Sensus is the latest exhibit in that trend. The Raleigh, N.C.-based maker of smart meters and supporting systems said Thursday that it lost $14.3 million on sales of $145 million in the quarter ending June 27, 2009, a deterioration from losses of $2.1 million on sales of $185 million in the same quarter last year.

Sensus has deployed more than three million of its smart meters to date. Big utility customers include Southern Co., whose subsidiaries Georgia Power and Alabama Power have installed about 1.2 million meters so far out of a planned 3.4 million or so (see 8.3M Smart Meters and Counting in U.S.).

This week, Sensus scored an expansion of another large-scale project to bring smart meters to Canada's Ontario province, winning contracts with 35 utilities that will deploy about 1.2 million meters out of a total of about 1.8 planned for the London Hydro Smart Meter Consortium Project.

Still, "The overall weak economic environment continued to impact our business in the first fiscal quarter," Sensus CEO and President Peter Mainz said in a prepared statement.

Sensus isn't the only smart meter company facing a tough short-term sales climate. A similar slowdown has caused some analysts to downgrade their expectations for smart meter makers like Itron (NSDQ: ITRI), Echelon (NSDQ: ELON) and ESCO Technologies (NYSE: ESE) through the rest of 2009 (see Green Light post).

The global economic downturn is the main reason for the slowdown. But in the United States, the promise of billions of dollars in federal matching grants to support smart meter projects is also part of the short-term problem.

The Department of Energy has set aside about $3.375 billion for commercial-scale projects that could include smart meter deployments (see DOE Issues Rules for $3.9B in Smart Grid Stimulus Grants).

Of that $3.375 billion pool, Texas utility Oncor has asked for $317 million, Baltimore Gas & Electric is seeking $200 million and Maryland-based Pepco Holdings is seeking $254 million (see Oncor Makes $317M Smart Grid Pitch and news reports here).

Among the utilities expected to seek stimulus aid are Arizona's Salt River Project and Arizona Public Service, which together have installed about 600,000 of a total deployment of about 1.8 million meters (see news report here).

And Florida Power & Light has said it will probably seek stimulus support for a $200 million project to bring 1 million smart meters to Miami.

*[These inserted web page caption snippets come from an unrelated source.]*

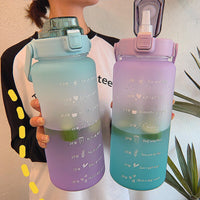 Gradient Color 2000ml Large Capacity Water Bottle with Straw and Time Marker for Sports and Outdoor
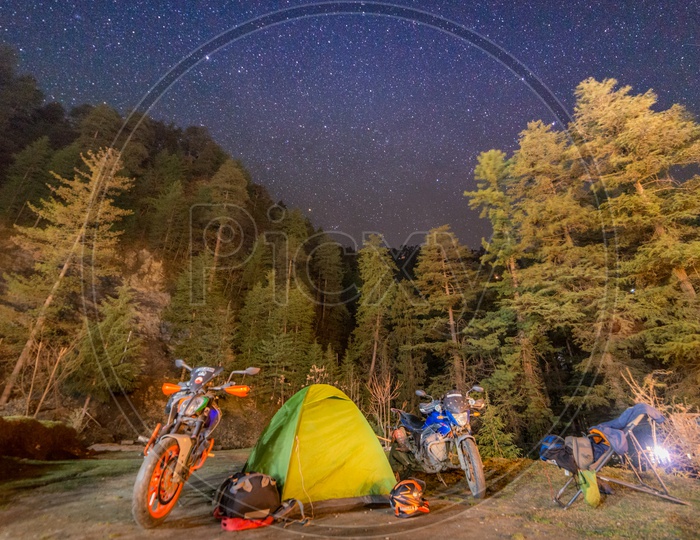 Biker Camping Tent in Himalayas at Jibhi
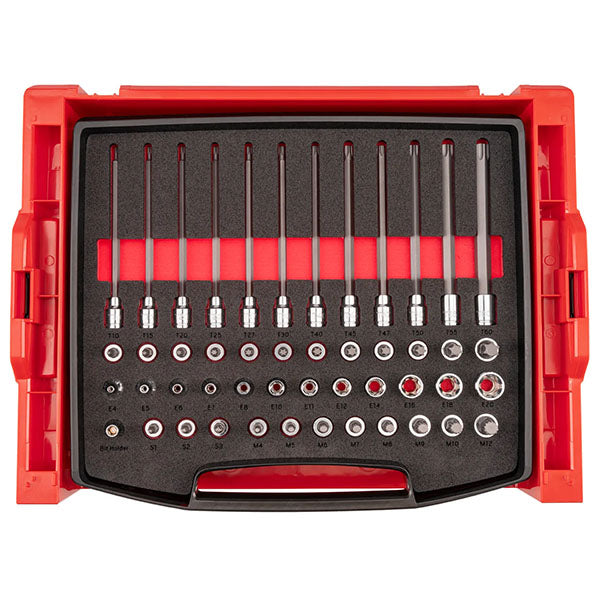 48-PIECE Tekton - 3/8 Inch Drive Standard And Long Bit Socket Set With Open Top Drawer And Rack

That's part of a $500 million, 4.5 million smart meter deployment planned by the utility (see A Million Smart Meters for Miami).

With more applications expected, and winners not scheduled to be announced until this fall, the waiting game could continue to keep smart meter contracts tight for the coming months, Ben Schuman, analyst with Pacific Crest Securities, said.